United States District Court, Third Circuit

September 23, 2013

GN NETCOM, INC., Plaintiff,

Joseph J. Farnan, Jr., Esq., Brian E. Farnan, Esq., Michael J. Farnan, Esq., FARNAN LLP, Wilmington, DE, Christopher S. Finnerty, Esq., Jeffrey S. Patterson, Esq., Michael R. Murphy, Esq., Morgan T. Nickerson, Esq., NELSON MULLINS RILEY & SCARBOROUGH, LLP, Boston, MA, Attorneys for Plaintiff GN Netcom, Inc.

Richard L. Horwitz, Esq., John A. Sensing, Esq., POTTER ANDERSON & CORROON LLP, Wilmington, DE, Jonathan M. Jacobson, Esq., Chul Pak, Esq., David H. Reichenberg, Esq., Robert Corp, Esq., WILSON SONSINI GOODRICH & ROSATI PC, New York, NY, Attorneys for Defendant Plantronics, Inc.
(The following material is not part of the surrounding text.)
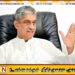 பொதுப் பாதுகாப்பு அமைச்சினை கோரும் சரத் பொன்சேகா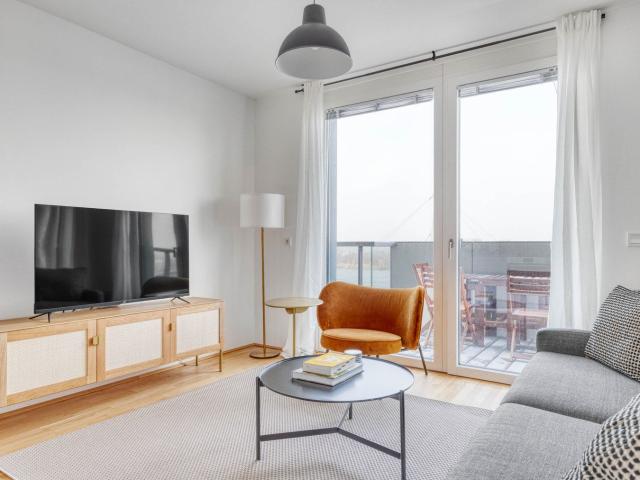 Apartment mieten in KG Leopoldstadt, Wien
LEONARD P. STARK, District Judge.

Plaintiff GN Netcom, Inc. ("GN" or "Plaintiff") filed this action on October 12, 2012, accusing Defendant Plantronics, Inc. ("Plantronics"or "Defendant") of monopolization, attempted monopolization, restraint of trade, and tortious interference with business relations. (D.I. 1) On December 5, 2012, Plantronics moved to dismiss the Complaint under Rule 12(b)(6) for failure to state a claim. (D.I. 8) The Court conducted a hearing on June 24, 2013. (D.I. 19) (hereinafter "Tr.") For the reasons set forth below, the Court will deny Plantronics' motion.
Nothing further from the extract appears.